The armory and now-Chicago History Museum, obviously, went through. When the latter was expanded in the 1960s, the city plan commissioner said that "museums are not mentioned specifically in the commission's basic plan policies. He said, however, that the expansion of the facilities is in conformity with educational goals."

The armory site was actually a centerpiece for the city's Olympic bid, which would have relocated its National Guard functions—the Park District owns the land—and transformed it into an athletic facility. (It's also, ahem, presidential-library sized, some 50,000 square feet larger than the Ronald Reagan Presidential Library, the largest of all such institutions.)

A couple decades after the armory went up, Chicago Public Schools attempted to take another piece of Washington Park land, this time nine acres for the Dunbar Vocational and Trade School, just north of the armory site in the northeast corner of the park. One might think that a school would be a more popular use of parkland than an armory; one would be wrong. "Planners of the new school say that buildings actually will take only 3 per cent of the park space," Lovelyn J. Evans, the citizens' committee secretary, told the Tribune in March of 1949. "But even this is too much. Washington is one of the smaller major parks and is the only place that offers recreation and open space for residents in this congested area."

She was prescient. Wille writes that, by the 1960s, "Chicago had 3.16 acres of parkland recreation space for every 1,000 persons, the lowest ratio of any major city except for Washington, D.C…. The ratio of park-recreation space to population was nearly twice as high early in the century as it was in the 1960s." With the backing of residents, the parks board rejected the idea. Instead, the school, alma mater of Lou Rawls, Jennifer Hudson, and Mr. T, ended up at 30th and Martin Luther King, even though the city had to acquire private land to place it there.
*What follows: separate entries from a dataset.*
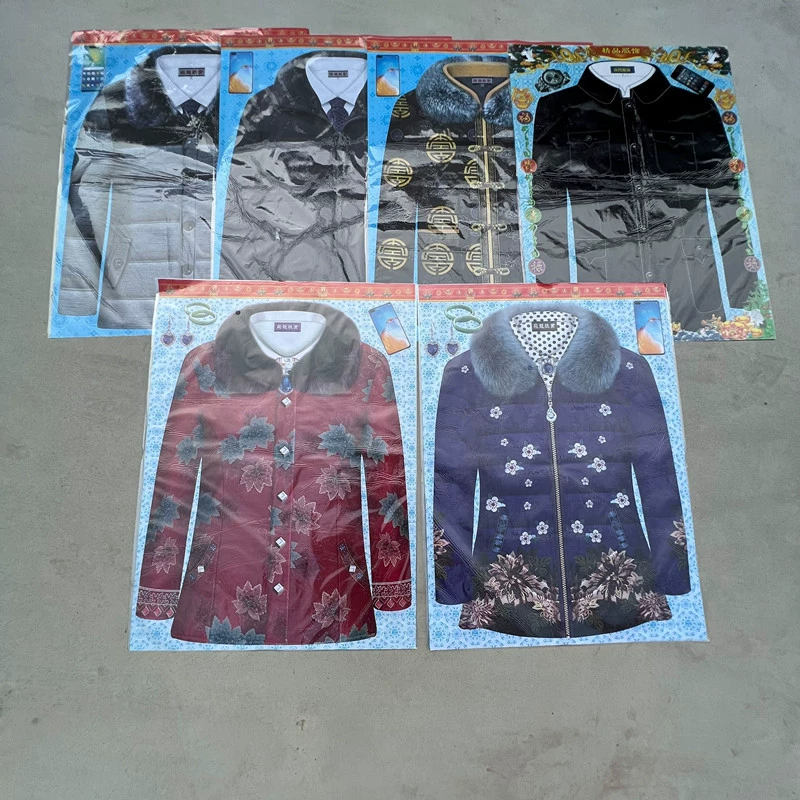 Оптовая продажа большого размера бумажная одежда зимняя одежда для мужчин и женщин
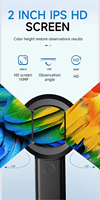 HD Digital Electron Magnifying Glass 2MP 500X Macro Lens Mini Scanning Mobile Phone Repair Camera Microscope for Electronics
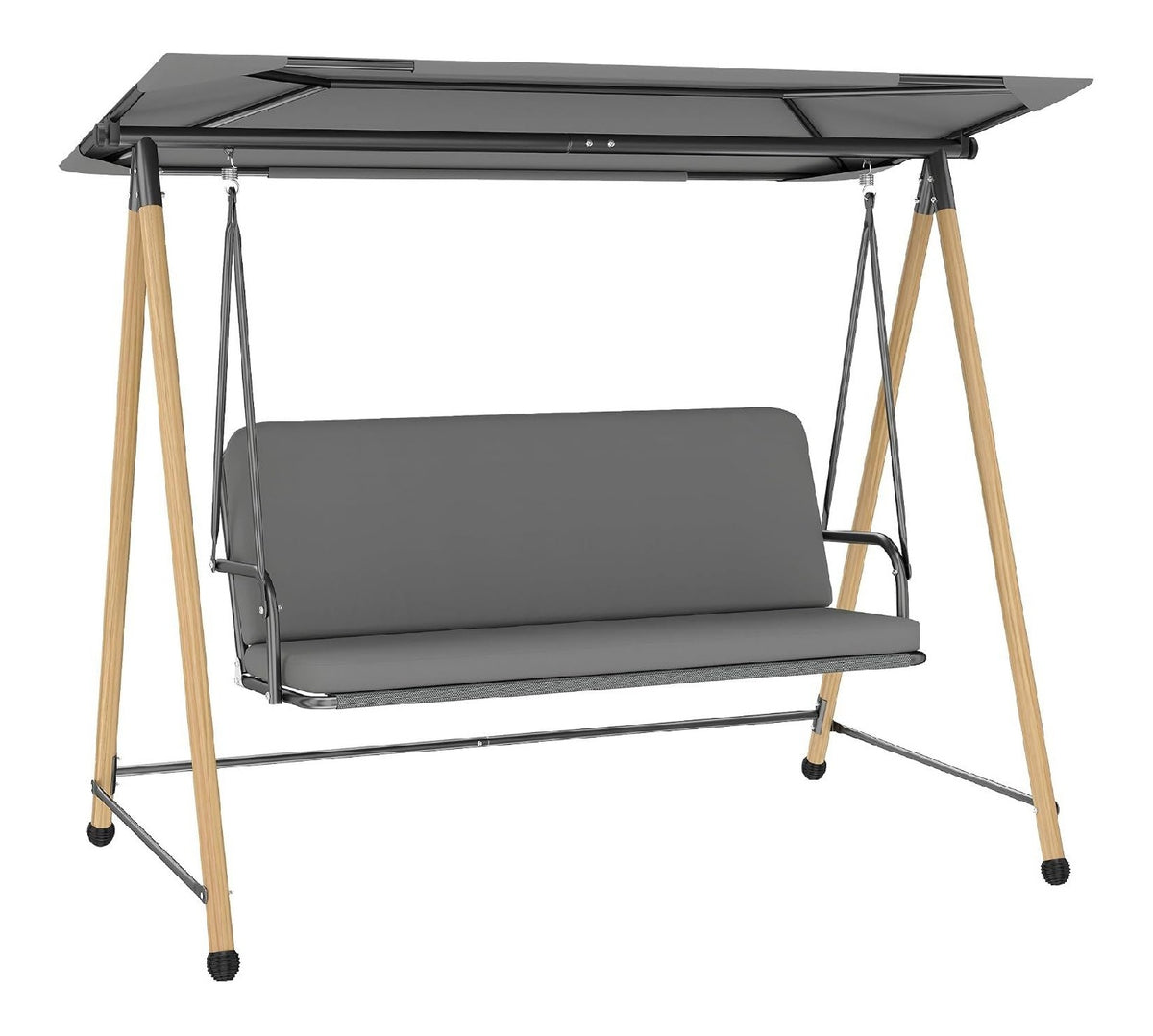 Dondoli per portico 156 cm 360 kg con DESIGN TRE POSTI generoso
There's not really a pattern over history; the city's willingness to build on its own parkland has varied with time, the interests of the public, and the interests of the most powerful members of that public. Several museums have gone up—but not the Children's Museum. Quasi-public edifices have been built, like McCormick Place and the General Jones Armory—but not the Dunbar School. Insofar as there's any pattern at all, the Obama and Lucas Museums seem to be on solid ground. Just don't go building anything for the kids.